Boy, does it steer easily now. I like it! I'm going to run it with the steering stabilizer off for the time being and see how it goes. Yes, that's a one-off idler arm brace, I made it myself.


----------



## morepower2 (Apr 19, 2002)

88pathoffroad said:


> I finally had the time and fair weather enough to get my L&P steering system installed. I'll let the pics do the rest of the talking on this one.
> 
> Boy, does it steer easily now. I like it! I'm going to run it with the steering stabilizer off for the time being and see how it goes. Yes, that's a one-off idler arm brace, I made it myself.


Still going to do an article for NPM? Let me know.


----------



## 88pathoffroad (Jun 6, 2004)

What would I write up?
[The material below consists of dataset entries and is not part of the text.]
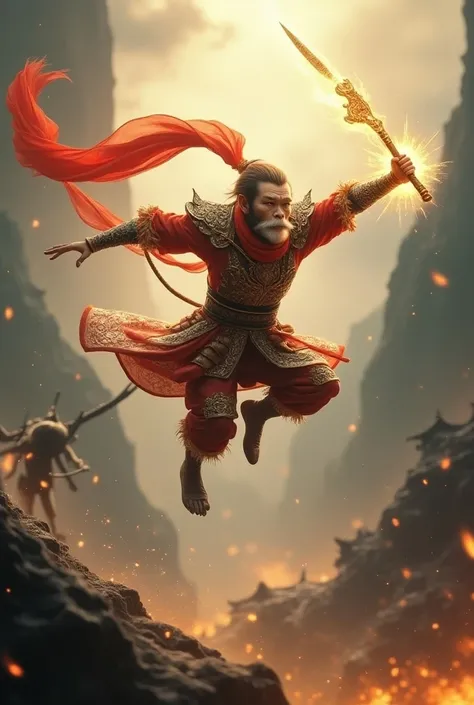 A cinematic depiction of Sun Wukong, the Monkey King from Chinese mythology, in a dynamic action pose. He is mid-air, leaping with his magical staff, the Ruyi Jingu Bang, glowing and extended. His Tang Dynasty-inspired armor shimmers under a dramatic golde...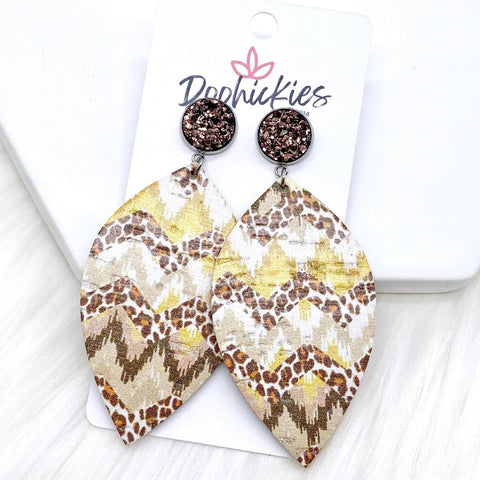 3" Rose Gold and Boho Leopard Dangle Leafs -Boho Earrings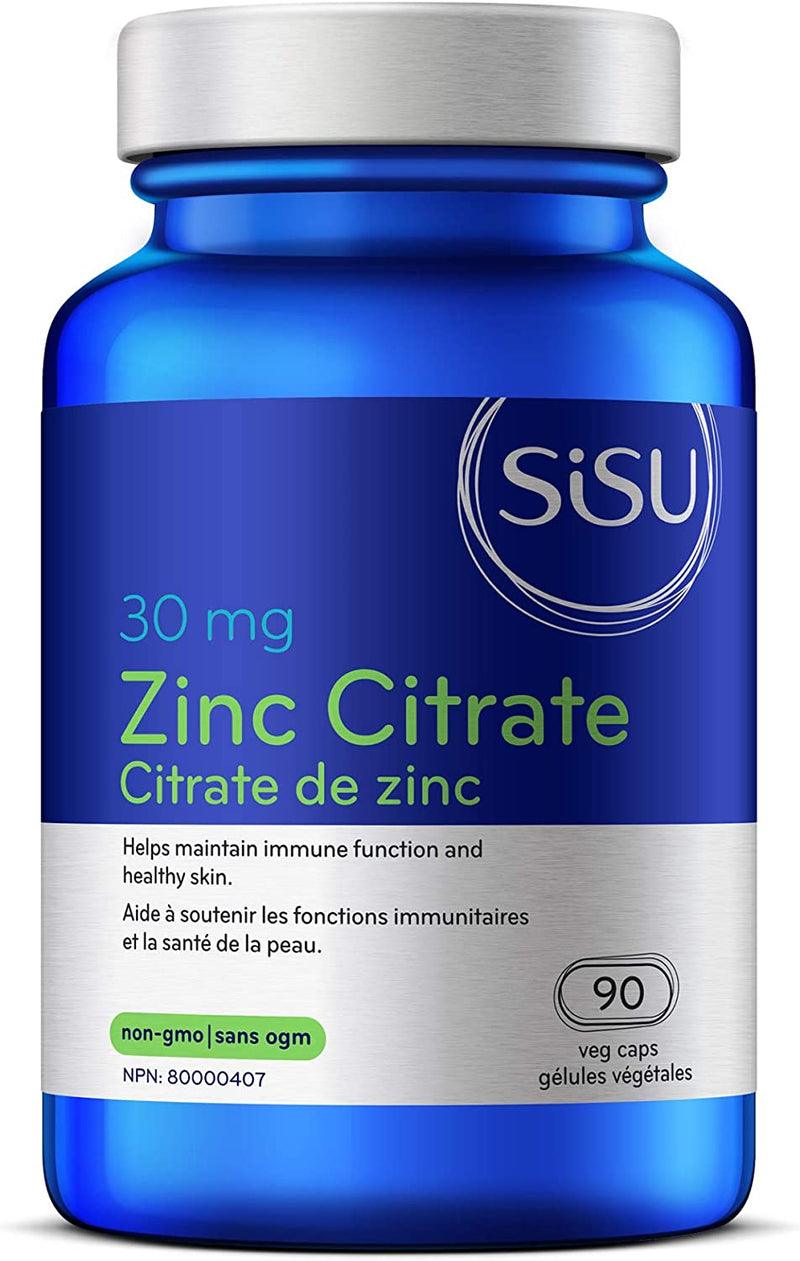 Sisu Zinc Citrate 30mg 90 Veg Capsules  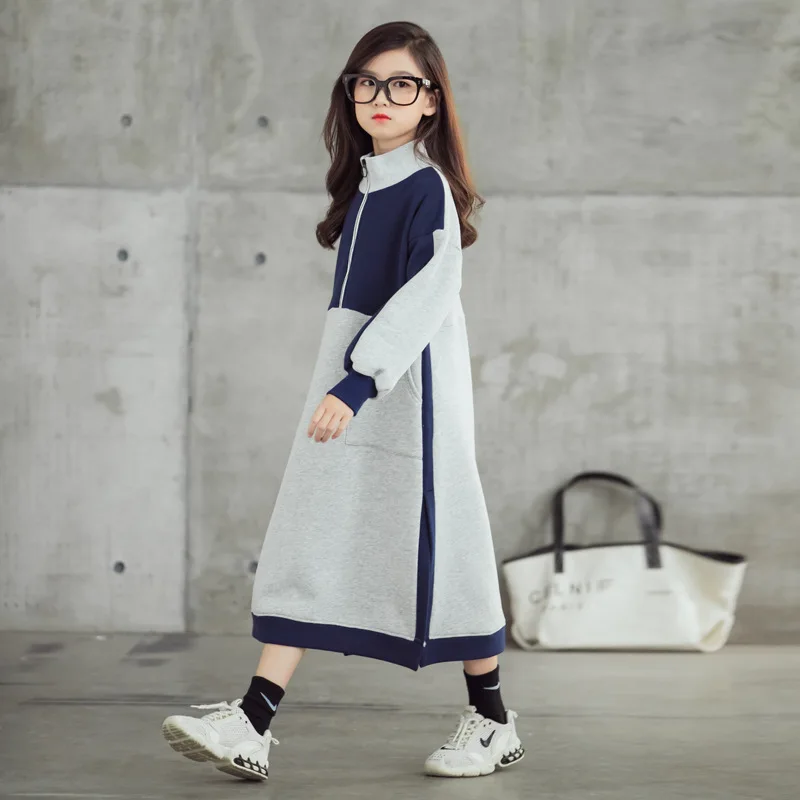 Najstnice 2020 Jeseni in Pozimi Mozaik Dolgo Slog Obleko Modne Otroci Naravnost Obleke Otroci Športna Oblačila, #1153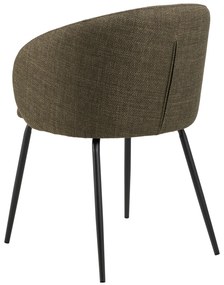 MAZZONI EXPORT CLARA Verde Măsliniu (material Basel 77)/picioare negre - SCAUN MODERN ADÂNC TAPIȚAT PENTRU SALON/LIVING/BIROU LOFT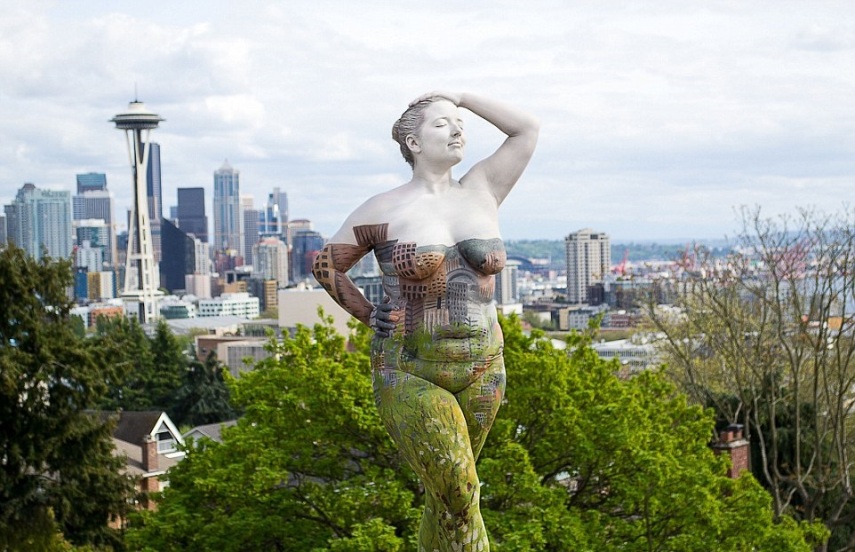Artista nova-iorquina camufla modelos nus em grandes pontos turísticos apenas com pintura corporal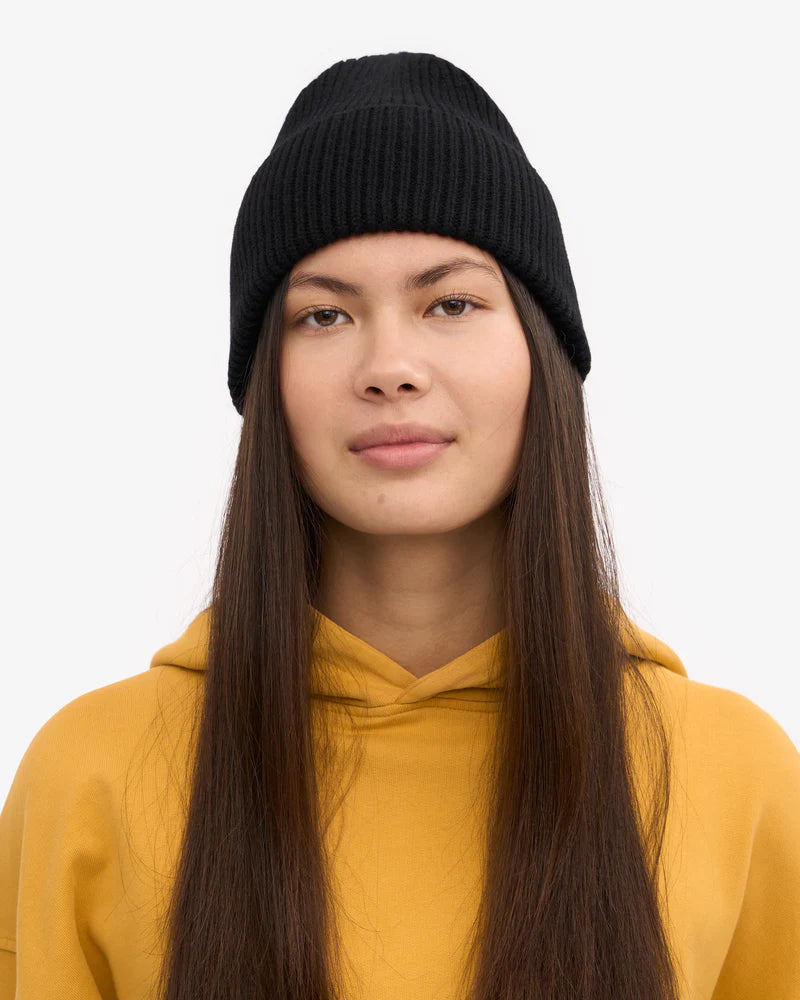 COLORFUL STANDARD Merino Wool Beanie in DEEP BLACK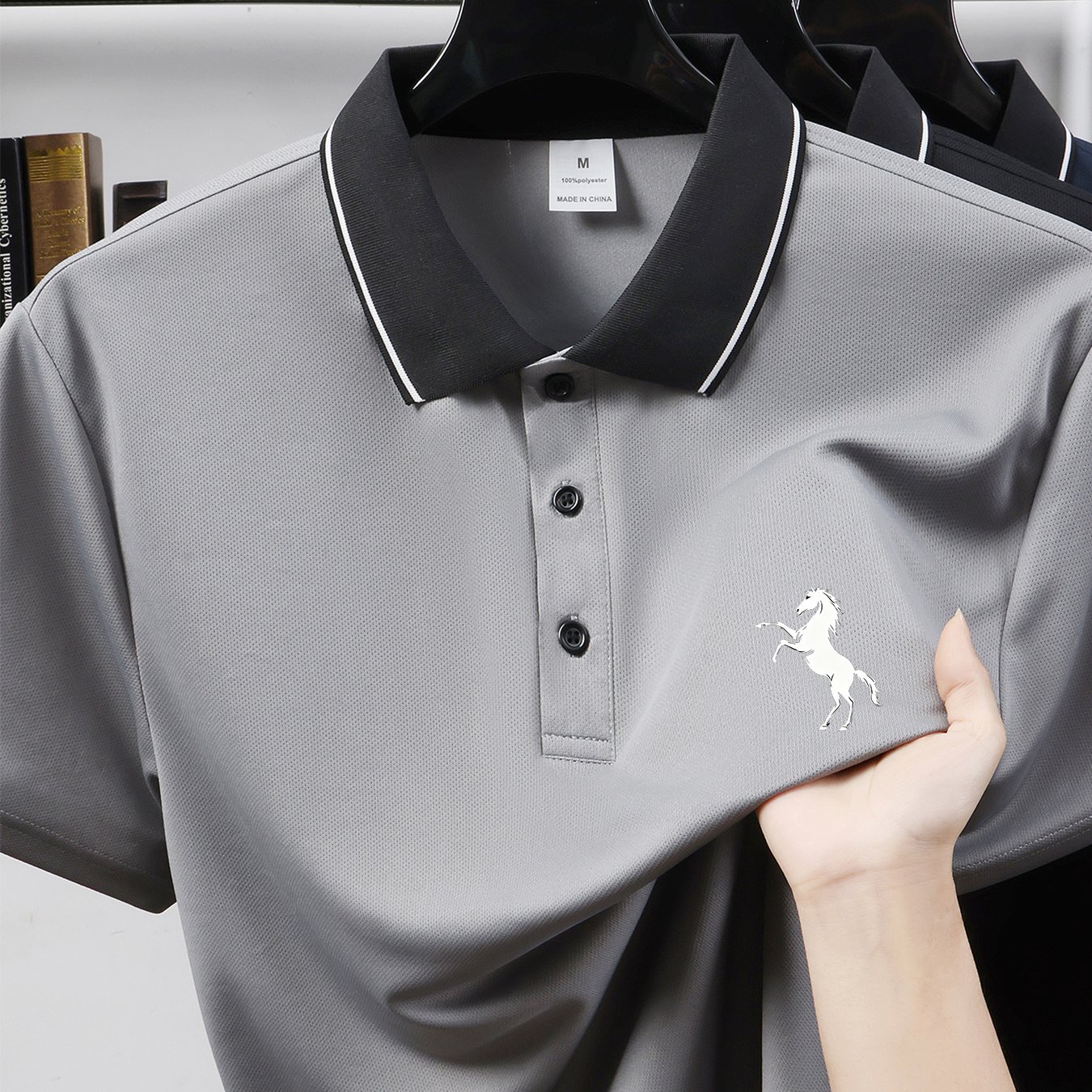 TEMU Q013-s8 Creative Equestrian Geometric Pattern Print Men's Casual Shirt - Suitable For Outdoor Sports, Men's Outdoor Golf Short Sleeve,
How to remove stock steering components, throw them away, and install the L&P setup? It's very very simple stuff.


----------



## morepower2 (Apr 19, 2002)

88pathoffroad said:


> What would I write up? How to remove stock steering components, throw them away, and install the L&P setup? It's very very simple stuff.


Like discribing the construction, how its better than stock and how it works.


----------